The need is going to be acute, and I fear that it will be the greater because with the reductions in legal aid there is a risk that more of our people will feel alienated from our society. They will no longer have confidence that the legal system will sustain all their legal rights when they find themselves in baffling situations of conflict in which they feel that they may suffer injustice and that there is no one there to champion them. That is dangerous and risks disaffection from the state and the justice system, and would develop cynicism about the law. That is a cultural trend that we may need to anticipate and the Government will need to think deeply about how they might mitigate and counter it.

When the Minister replies to this debate, it would be helpful if he would tell the House a little about how the Government envisage general information about the law and the legal system may be provided. It is not a duty on the Government, as expressed in the Bill, but presumably they are contemplating this at least as a possibility. I certainly think that they should do so.

The noble Lord, Lord Phillips of Sudbury, mentioned with legitimate pride the Citizenship Foundation. But we have learnt, I think this week, that citizenship is to be removed from the national curriculum. Once again, that underscores the importance of finding ways to help a new generation of young people to be aware of their responsibilities and rights as citizens. It may well be that there are excellent members of the legal profession who already visit schools and do pro bono work in helping to advance the legal education of our young people. I hope that that is so. Again, I do not know whether the Government have plans to encourage more of such activity.

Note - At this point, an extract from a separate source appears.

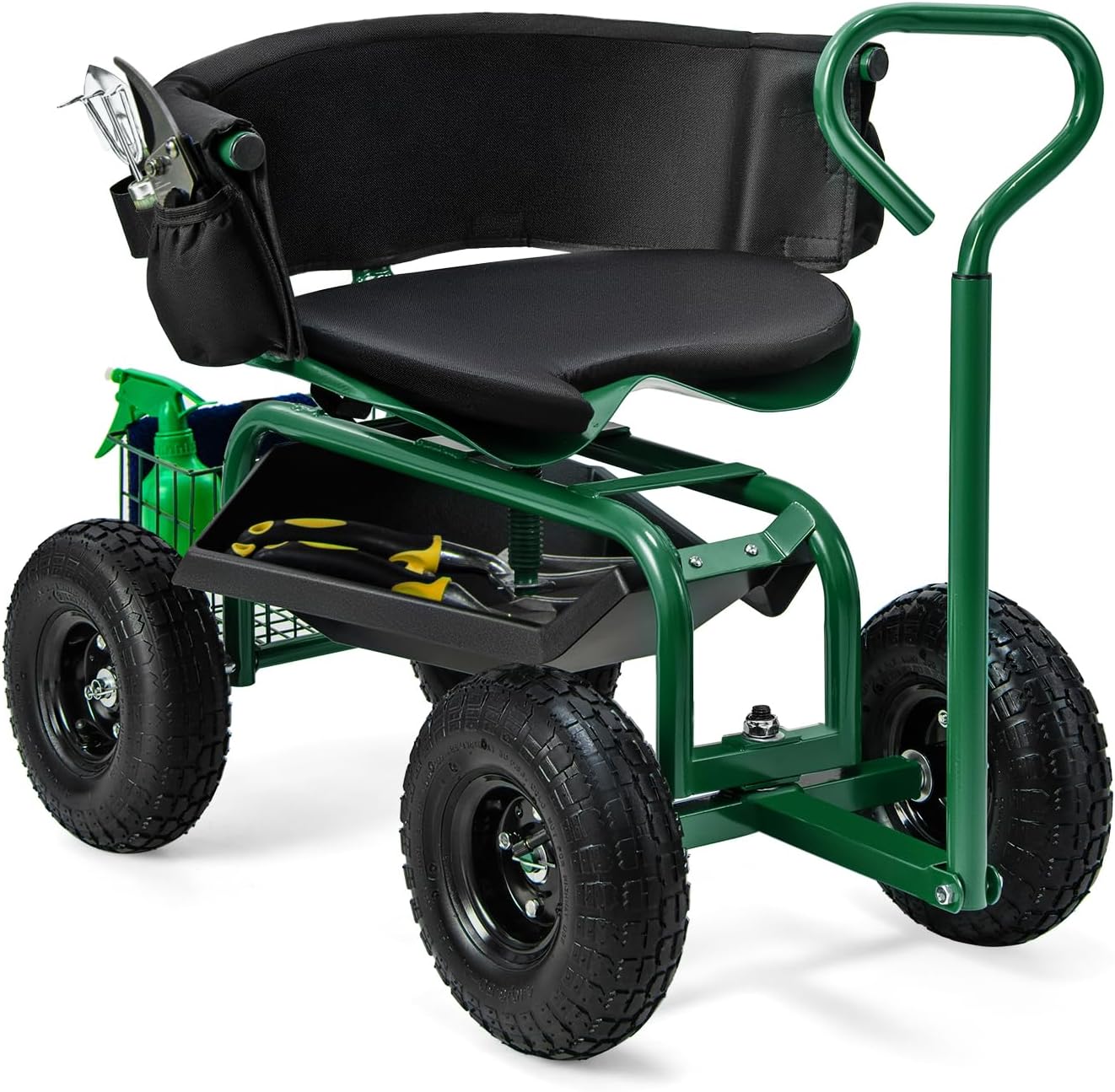 Gardening Tools For Seniors - เก้าอี้ทำสวนแบบมีล้อ ปรับหมุนได้ 360 องศา ° ถาดใส่เครื่องมือแบบหมุนได้และตะกร้าเก็บของ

I think that we can all remember the days when the law reports in the newspapers were very much fuller and the serious newspapers felt that it was their responsibility to communicate the important cases and decisions in the law. I may be wrong but I have the impression that law reports in the broadsheet newspapers are now more perfunctory than they were. Of course, the tabloid treatment of legal issues is almost entirely sensational. There is a challenge as to how more responsible, more thoughtful, more informative and more effective education through the media can be achieved. Information technology must offer new and better possibilities. I do not know whether the Ministry of Justice is thinking of developing its own website or of encouraging others to develop websites that may help to supply the present deficiency.

If we had less law and clearer law, and if we had more law codified in relatively succinct and simple terms, it would be easier for the people of this country to understand it. Finally, I therefore ask the Minister to say something about the Government’s plans to support the Law Commission in pursuing its perennial task of bringing the law up to date and making it relatively accessible and comprehensible for lay people.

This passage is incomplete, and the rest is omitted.